RECORDED INFORMATION:
::::::::
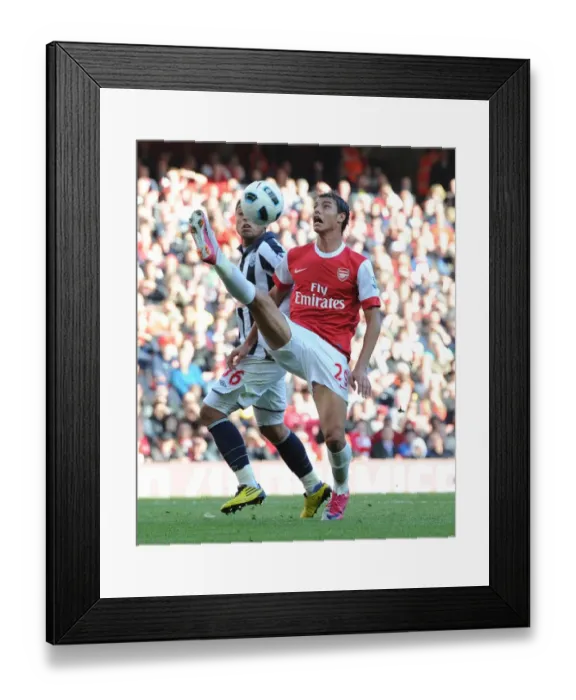 Framed Print : Marouane Chamakh (Arsenal) Gonzalo Jara (WBA). Arsenal 2: 3 West Bromwich Albion Framed Print : Marouane Chamakh (Arsenal) Gonzalo Jara (WBA). Arsenal 2: 3 West Bromwich Albion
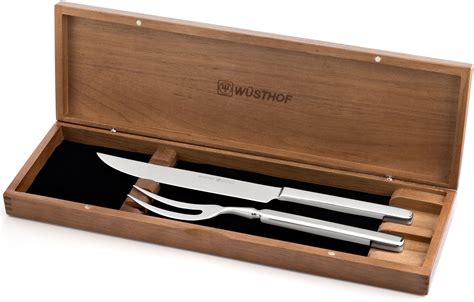 wüsthof 2-piece stainless steel carving set in walnut box|Wusthof 2.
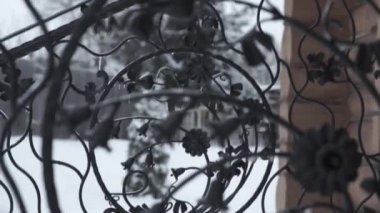 Öğeleri ve demir çit dövme sanatı. Sert Metal kıvırcık dekoratif öğeler. Vintage dekor öğeleri. Çit tasarım. Vintage. Güzel çit tasarım portre. Demir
::::::::
PROMPT:
Exact copy, pictures removed: set down the whole listing above.

RESULT OF THIS TASK:
 Framed Print : Marouane Chamakh (Arsenal) Gonzalo Jara (WBA). Arsenal 2: 3 West Bromwich Albion Framed Print : Marouane Chamakh (Arsenal) Gonzalo Jara (WBA). Arsenal 2: 3 West Bromwich Albion
 wüsthof 2-piece stainless steel carving set in walnut box|Wusthof 2.
 Öğeleri ve demir çit dövme sanatı. Sert Metal kıvırcık dekoratif öğeler. Vintage dekor öğeleri. Çit tasarım. Vintage. Güzel çit tasarım portre. Demir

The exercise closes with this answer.